> _Exercise requirements_: Each line of the records has to be copied exactly, though the pictures must be left out.
---*---
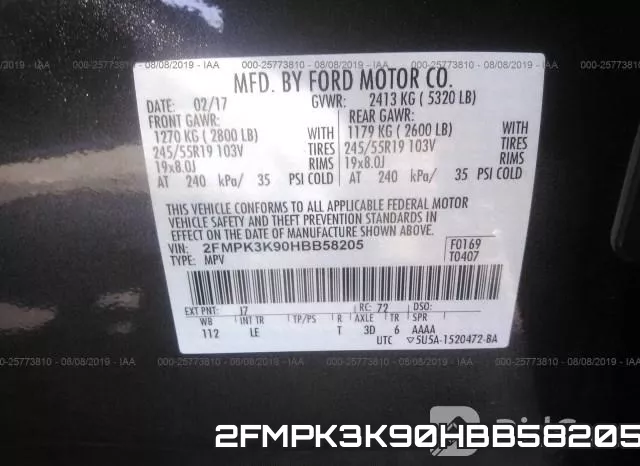 2FMPK3K90HBB58205 фото 10
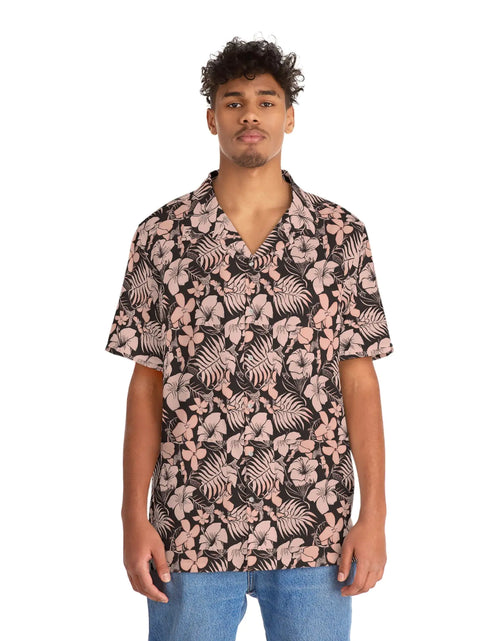 Load image into Gallery viewer, Men&#39;s Pink Floral Hawaiian Shirt
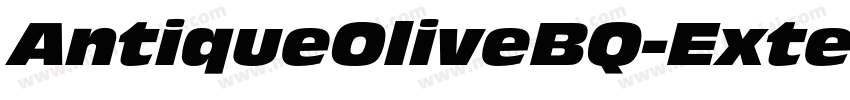 AntiqueOliveBQ-Exten字体转换
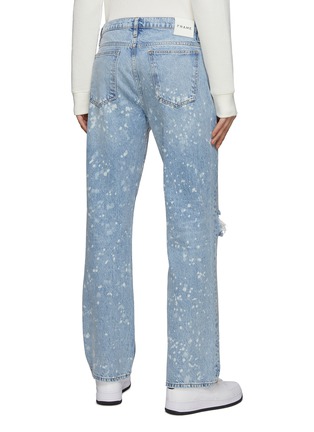 Back View - Click To Enlarge - FRAME DENIM - PAINT SPLATTERED RIPPED BOXY JEANS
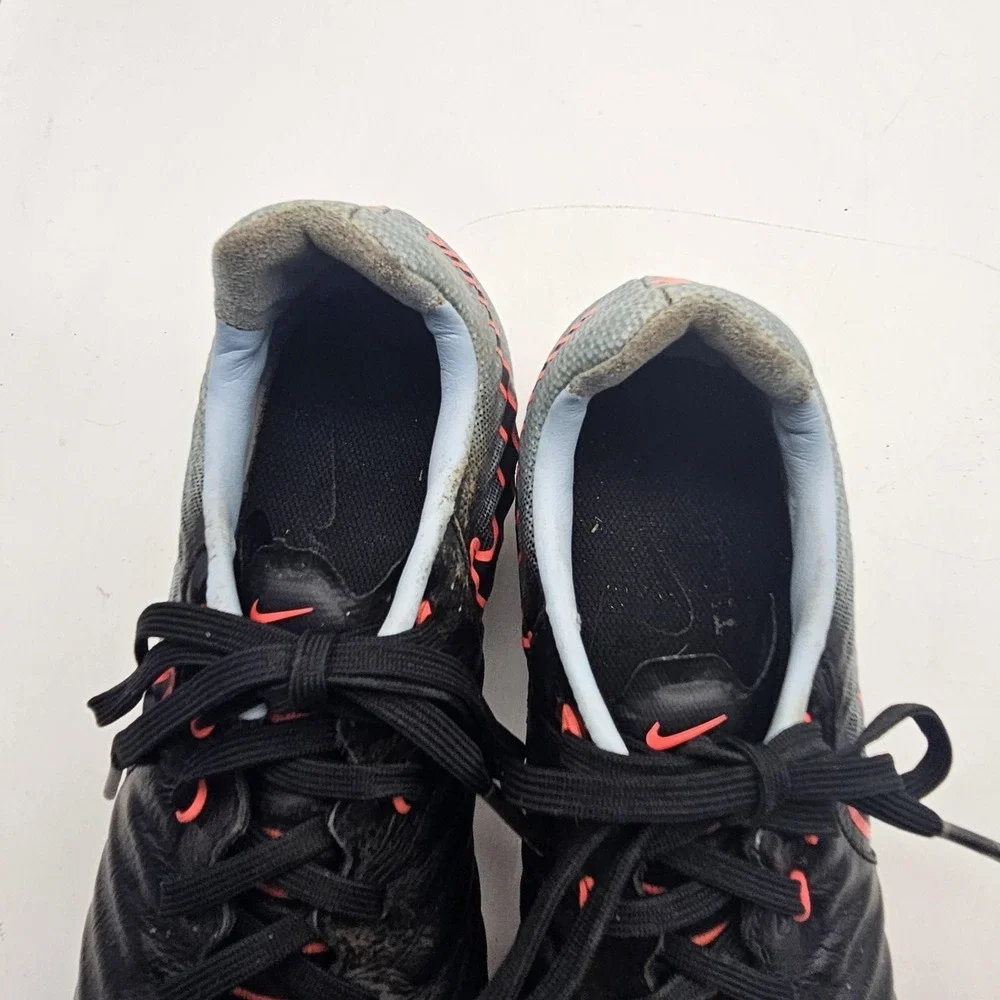Nike Tiempo Legend VII Shoes KIDS Size 4.5Y Black Soccer Cleats FG Youth Leather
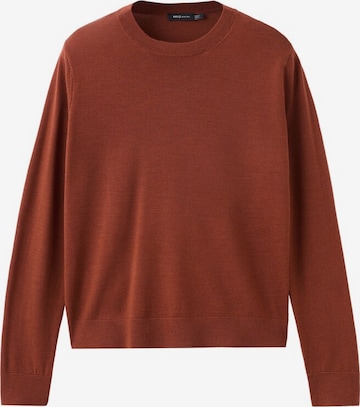 MANGO Sweater 'Lanis' in Brown: front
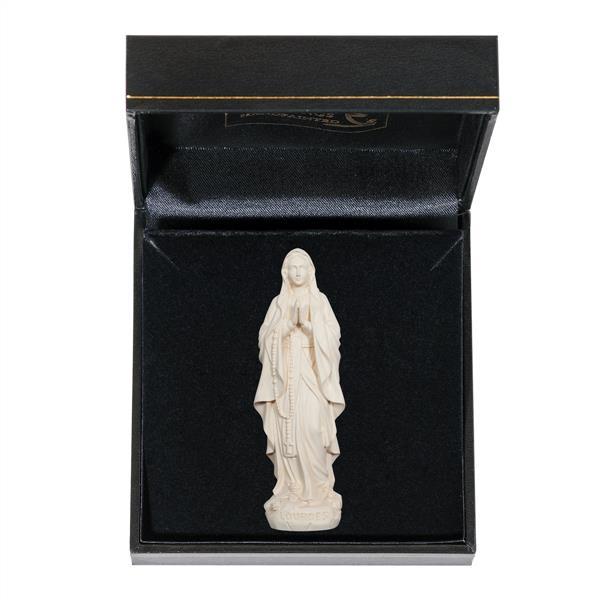Our Lady of Lourdes with case - natural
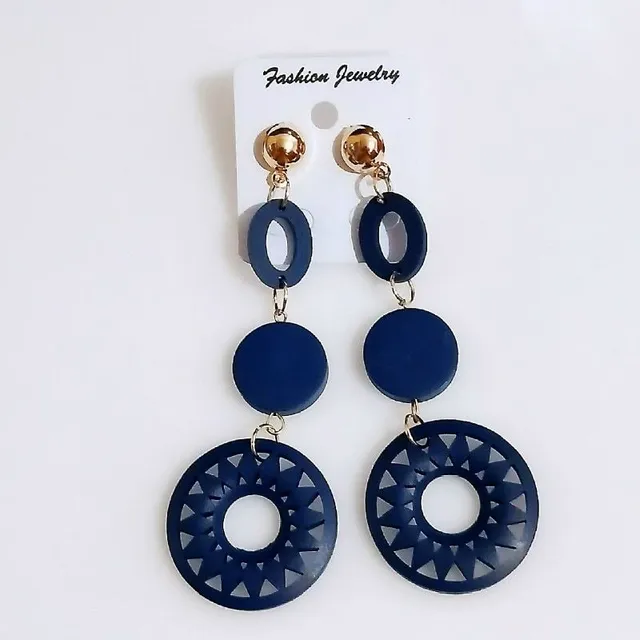 Women's luxury earrings made of African wood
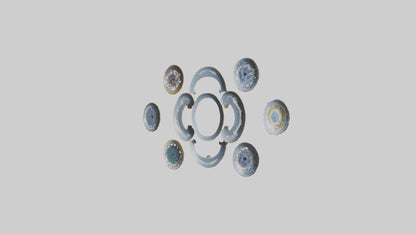 Decorative Wall Plates VR / AR / low-poly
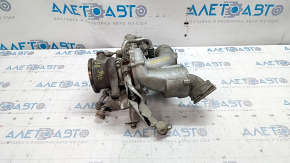 Turbine assembly with manifold and cooling pipes VW Passat b8 16-19 USA 1.8T, 2.0T 94k
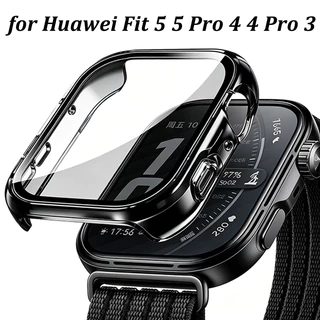 กระจกนิรภัย Hard PC สําหรับ Huawei Watch Fit 5 4 3/Huawei Watch Fit 5 Pro/4 Pro Anti Gores เปลือกกันชนหน้าจอ Protecor ฝาครอบอุปกรณ์เสริม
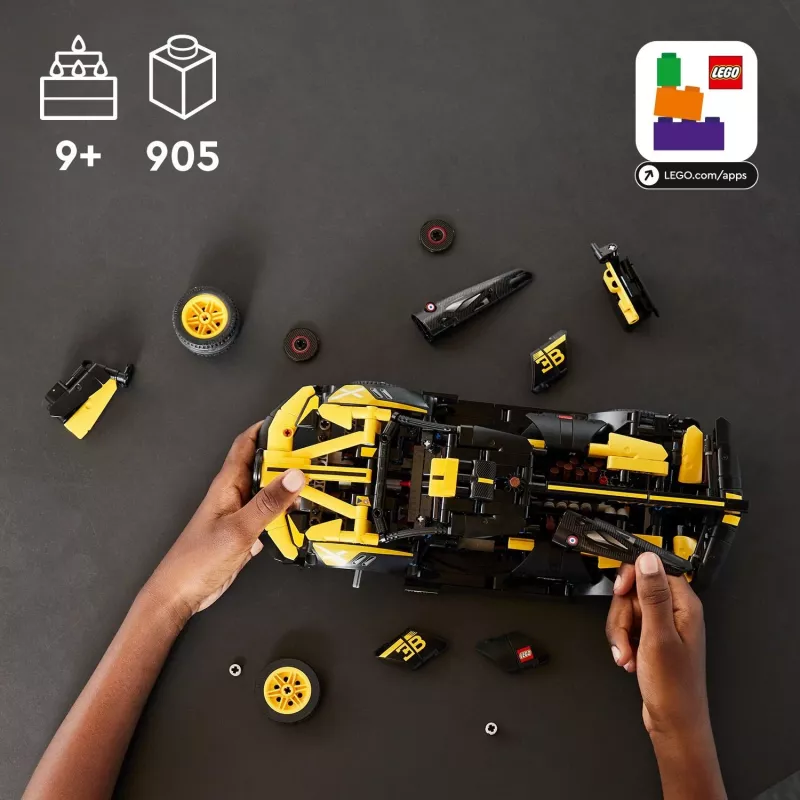 LEGO Technic: Bugatti Bolide Model Samochodu Zestaw do Budowania (42151)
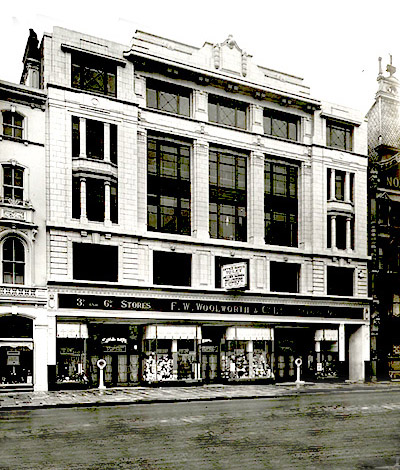 A new British flagship to rival the parent company's emporium in Fifth Avenue, New York. The branch in Oxford Street, London W1 opened on July 19, 1924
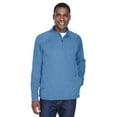 thumbnail image 1 of Men's Stretch Tech-Shell® Compass Quarter-Zip - FRENCH BLUE HTHR - XL, 1 of 2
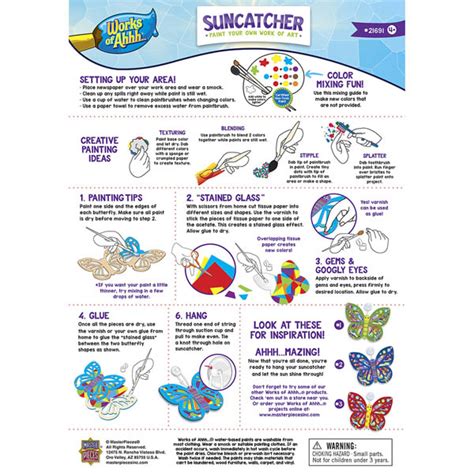 Suncatcher Paint Instructions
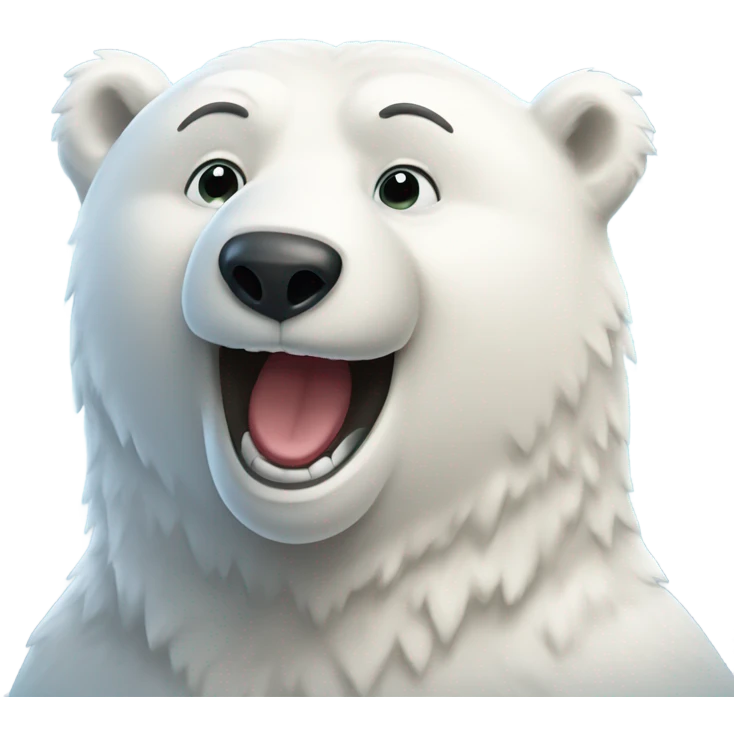 Happy polar bear  emoji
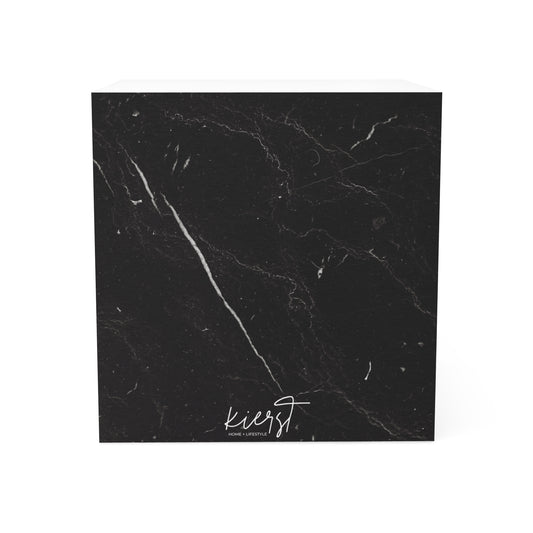 Black Marble Sticky Note Cube | Minimalism with Presence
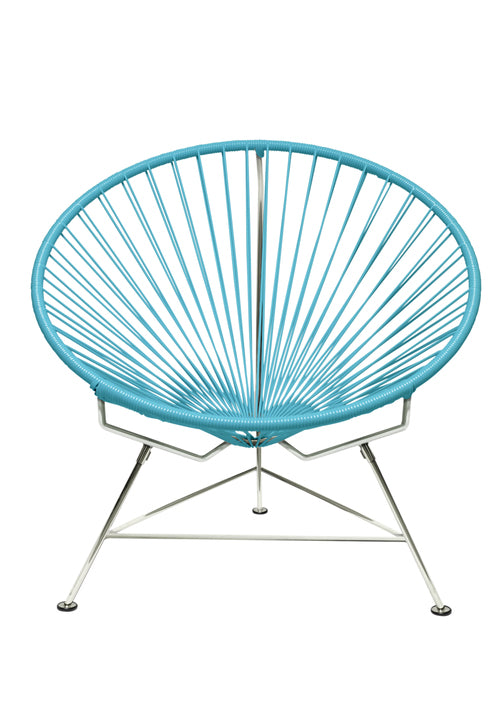 Innit Chair Chrome Frame - Color Blue Weave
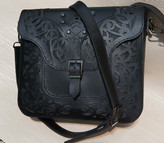 کیف چرمی زنانه دستدوز با نقش اسلیمی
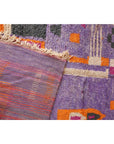 Pure wool Moroccan Berber carpet 170 x 268 cm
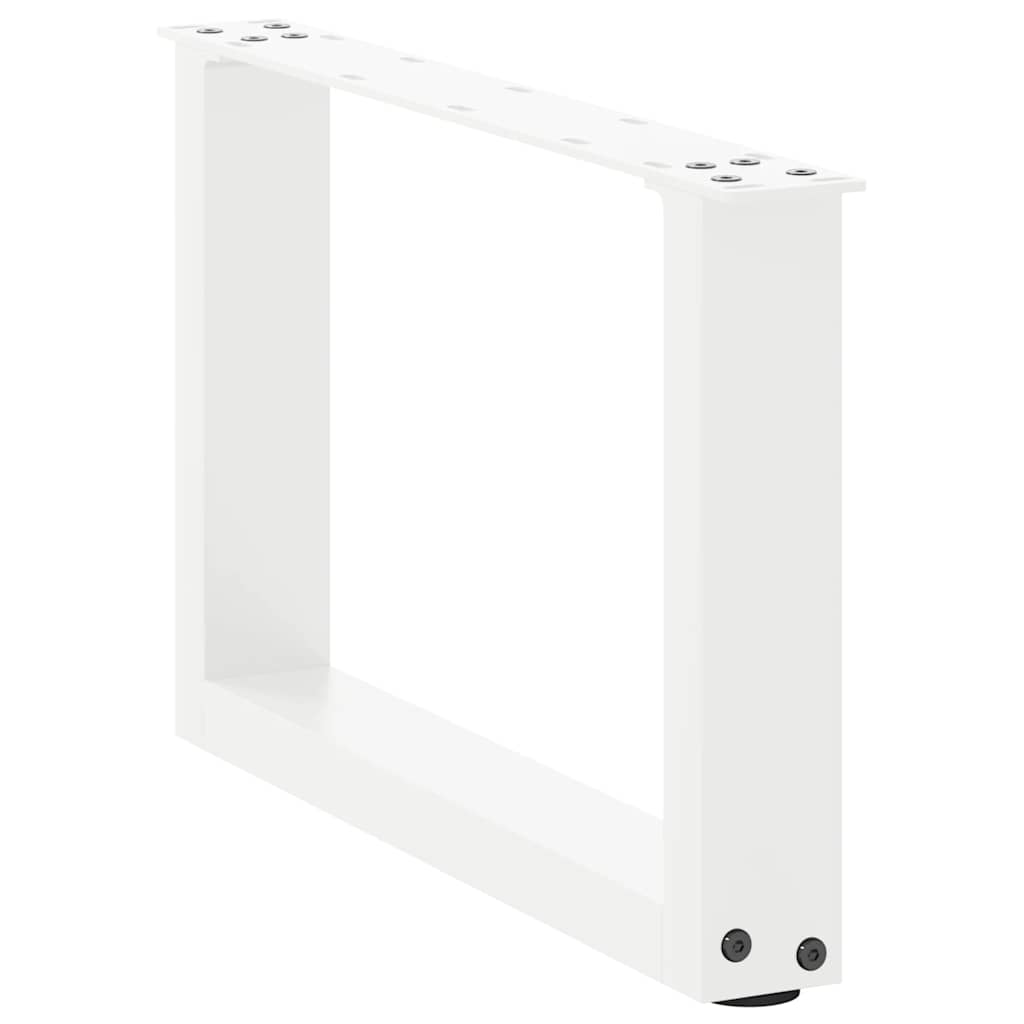 Kavos staliuko kojelės, 2 vnt., baltos, 50x(30 - 31) cm, plienas, U formos - Namų Idėja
---*---
> _Result for this task_:
 2FMPK3K90HBB58205 фото 10
 Load image into Gallery viewer, Men&#39;s Pink Floral Hawaiian Shirt
 AntiqueOliveBQ-Exten字体转换
 Back View - Click To Enlarge - FRAME DENIM - PAINT SPLATTERED RIPPED BOXY JEANS
Nike Tiempo Legend VII Shoes KIDS Size 4.5Y Black Soccer Cleats FG Youth Leather
 MANGO Sweater 'Lanis' in Brown: front
Our Lady of Lourdes with case - natural
 Women's luxury earrings made of African wood
 Decorative Wall Plates VR / AR / low-poly
 Turbine assembly with manifold and cooling pipes VW Passat b8 16-19 USA 1.8T, 2.0T 94k
 กระจกนิรภัย Hard PC สําหรับ Huawei Watch Fit 5 4 3/Huawei Watch Fit 5 Pro/4 Pro Anti Gores เปลือกกันชนหน้าจอ Protecor ฝาครอบอุปกรณ์เสริม
 LEGO Technic: Bugatti Bolide Model Samochodu Zestaw do Budowania (42151)
 A new British flagship to rival the parent company's emporium in Fifth Avenue, New York. The branch in Oxford Street, London W1 opened on July 19, 1924
 thumbnail image 1 of Men's Stretch Tech-Shell® Compass Quarter-Zip - FRENCH BLUE HTHR - XL, 1 of 2
 Suncatcher Paint Instructions
 Happy polar bear  emoji
 Black Marble Sticky Note Cube | Minimalism with Presence
 Innit Chair Chrome Frame - Color Blue Weave
 کیف چرمی زنانه دستدوز با نقش اسلیمی
 Pure wool Moroccan Berber carpet 170 x 268 cm
 Kavos staliuko kojelės, 2 vnt., baltos, 50x(30 - 31) cm, plienas, U formos - Namų Idėja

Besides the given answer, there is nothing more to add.